In 1965, Kaye, Gygax, Mike Reese, and Leon Tucker created a military miniatures society, Lake Geneva Tactical Studies Association (LGTSA). Its first headquarters were in Gygax's basement, and they later held meetings in Kaye's garage.

==Formation of TSR==
In the fall of 1972, Dave Arneson, a wargamer from nearby Minneapolis-St. Paul, demonstrated a new type of role-playing game to the LGTSA. Gygax then created a similar game set in the imaginary Castle Greyhawk, and invited his children, Ernie and Elise, "to create characters and adventure". The next evening, Kaye joined the game along with Gygax's friends Rob Kuntz and Terry Kuntz. Kaye created the character Murlynd, Rob Kuntz created Robilar and Terry Kuntz created Terik. Kaye observed as a group eagerly played the prototype Dungeons & Dragons game at Gen Con VI (1973), and brought the idea to Gygax of starting a company so that they could publish the game on their own.

Sensing the potential popularity of the game, in October 1973 the two men each invested in the venture — Kaye borrowed his share on his life insurance policy — in order to finance the start-up of TSR, which was initially run with business taking place in Kaye's dining room. Their investment of $2,000 was not enough to print their new role-playing game, so they instead published Cavaliers and Roundheads, a miniatures game based on the English Civil War, and planned to use its revenue to print and publish D&D. However sales were poor, and they still did not have enough capital to publish Dungeons & Dragons.

While developing D&D, Gygax had sent copies of his preliminary rules to other wargaming friends for playtesting. Now worried that someone who had playtested the new type of game would bring a similar product to the market first, the two accepted an offer in December 1973 by playing acquaintance Brian Blume to invest $2,000 in TSR to become an equal one-third partner. Gygax accepted Blume's offer right away. Kaye was less enthusiastic, and after a week to consider the offer, he questioned Blume closely before acquiescing. Blume's investment finally brought the financing that enabled them to publish D&D.
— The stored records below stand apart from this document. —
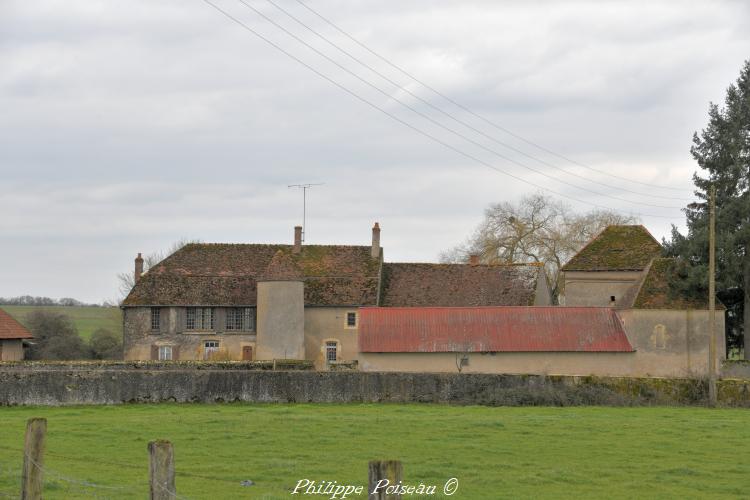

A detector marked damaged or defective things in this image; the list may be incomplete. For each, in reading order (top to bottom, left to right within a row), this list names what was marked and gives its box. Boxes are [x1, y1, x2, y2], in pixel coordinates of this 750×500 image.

rusty metal roof [0, 306, 33, 342]
rusty metal roof [358, 306, 636, 354]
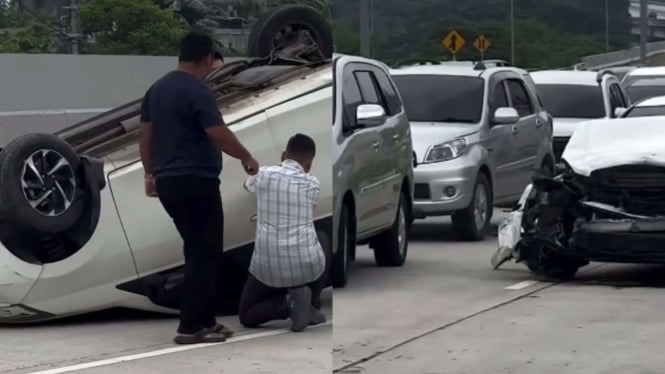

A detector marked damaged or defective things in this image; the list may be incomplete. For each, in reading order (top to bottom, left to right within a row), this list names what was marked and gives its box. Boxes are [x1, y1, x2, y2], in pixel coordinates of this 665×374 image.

damaged front bumper [490, 165, 665, 270]
overturned white car [492, 116, 665, 278]
wrecked white suv [492, 116, 665, 278]
crumpled car hood [564, 115, 665, 177]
In January 1974, they printed a thousand copies of the game and hand-assembled them in the basement of Gygax's house. Warehousing and shipping was done from Kaye's home. The first printing sold out before the end of 1974, and sales of a second printing began to increase exponentially. In late 1974, Kaye helped develop some of the rules for a new Western-genre game to be called Boot Hill.

==Death and legacy==
Although only 36 years old at the start of 1975, Kaye needed heart surgery, a fact that he did not disclose to his partners. Gygax and Blume were therefore unprepared when Kaye suffered a heart attack before the scheduled date for surgery and died on January 31, 1975.
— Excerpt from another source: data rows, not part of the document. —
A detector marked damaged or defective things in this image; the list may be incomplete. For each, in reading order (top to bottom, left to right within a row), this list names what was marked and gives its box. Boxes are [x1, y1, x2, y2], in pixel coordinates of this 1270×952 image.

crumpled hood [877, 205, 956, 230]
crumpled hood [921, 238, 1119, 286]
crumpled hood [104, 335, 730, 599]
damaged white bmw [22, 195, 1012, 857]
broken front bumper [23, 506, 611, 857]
Kaye had not made any specific provision in his will regarding his one-third share of the company, so his share of TSR passed to his wife, who was not interested in having any part of TSR. Gygax stated "After Don died [Kaye's wife] dumped all the Tactical Studies Rules materials off on my front porch. It would have been impossible to manage a business with her involved as a partner." Neither Gygax nor Blume had the money to formally buy the share owned by Kaye's wife, but Blume persuaded Gygax to allow his father, Melvin Blume, to buy it. The company was re-formed as TSR Hobbies, Inc, with the Blume family owning controlling interest.

In 1975, Gygax and Blume published Boot Hill in memory of Kaye. Gygax highlighted Kaye's character Murlynd in the March 1983 issue of Dragon magazine. Gygax paid further tribute to Kaye when he used Murlynd's name for two spells (Murlynd's Ogre, Murlynd's Void) and an item (Murlynd's Spoon) in Unearthed Arcana.